Why does this matter? For starters, the whole reason I bought the Zone F parking pass was so I could get there early, enjoy the band warming up with the flat irons in the back ground. I have made friends from all over the state who also get there early and meeting at the north side of Farrand Field was our 6 times a year to get to hang out, talk buff football and support all that is right about the University of Colorado.
I would say most of the buff walk participants comes from this early crowd, at least where the walk begins. Everyone grabs someone and makes sure everyone heads over – say goodbye to that support.

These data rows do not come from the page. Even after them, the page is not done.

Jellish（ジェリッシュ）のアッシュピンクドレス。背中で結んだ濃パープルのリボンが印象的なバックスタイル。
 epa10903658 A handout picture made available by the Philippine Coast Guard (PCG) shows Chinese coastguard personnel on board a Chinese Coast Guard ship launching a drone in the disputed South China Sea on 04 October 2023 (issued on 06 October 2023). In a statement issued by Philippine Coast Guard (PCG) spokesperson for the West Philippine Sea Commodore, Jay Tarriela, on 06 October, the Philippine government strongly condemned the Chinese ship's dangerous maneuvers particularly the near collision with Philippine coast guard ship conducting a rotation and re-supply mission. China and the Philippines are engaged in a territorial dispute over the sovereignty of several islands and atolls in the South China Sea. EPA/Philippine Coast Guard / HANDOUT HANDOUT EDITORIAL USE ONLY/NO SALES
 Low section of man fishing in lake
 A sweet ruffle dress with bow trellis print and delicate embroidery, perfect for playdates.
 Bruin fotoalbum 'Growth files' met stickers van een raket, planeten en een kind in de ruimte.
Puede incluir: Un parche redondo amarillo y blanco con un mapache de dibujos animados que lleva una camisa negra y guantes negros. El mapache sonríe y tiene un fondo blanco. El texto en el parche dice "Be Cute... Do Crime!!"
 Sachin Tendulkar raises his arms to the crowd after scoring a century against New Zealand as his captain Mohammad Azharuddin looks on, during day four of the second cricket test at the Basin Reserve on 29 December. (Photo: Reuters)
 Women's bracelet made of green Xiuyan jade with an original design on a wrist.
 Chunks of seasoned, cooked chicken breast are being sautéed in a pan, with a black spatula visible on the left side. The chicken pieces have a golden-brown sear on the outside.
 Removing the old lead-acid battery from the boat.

What you are doing is putting a dagger in the passion that has been generated with this support. During televised national games, it was not uncommon for the television crews to swing by and get video of our early crowds grilling burgers, honking the Buff Bus horn, looking inside the Buffalance and singing the fight song while the band played in the back ground – this early crowd HAS been a positive ambassador to the program where image is everything and needed at the University of Colorado.
By kicking us loyal die hard fans out of what has become our home away from home, you are saying we don’t count because our checkbooks are too small.
I understand as much as anyone that the big donors are critical to the foundation of this program, but it seems no thought was put into this and certainly did not seek any input from us, the die hard fan putting positive energy on the University, both as fans walk by on their way to the game and get pumped up to cheer on the buffs to the national audience when those cameras seek us out.
Your letter says there is a space crunch due to construction; does that mean this is only temporary and the policy will return to normal as the construction comes to a conclusion? I doubt that and am insulted you would use that language to soften the news which tells me you know this a bad move. It is also disheartening that you collected our Farrand Field pass money then tell us its not Farrand Field – I feel like I have just bought a car from a dirty used car salesman.
I apologize if my tone is misplaced; I am just extremely disappointed in this move. Although the product on field has been pathetic, at least I could look forward to spending time with familiar faces and support the buff football program through thick and thin, but now that is gone too as we are forced to park in three completely different locations.
As someone who has consistently given you full support, thanks for yours.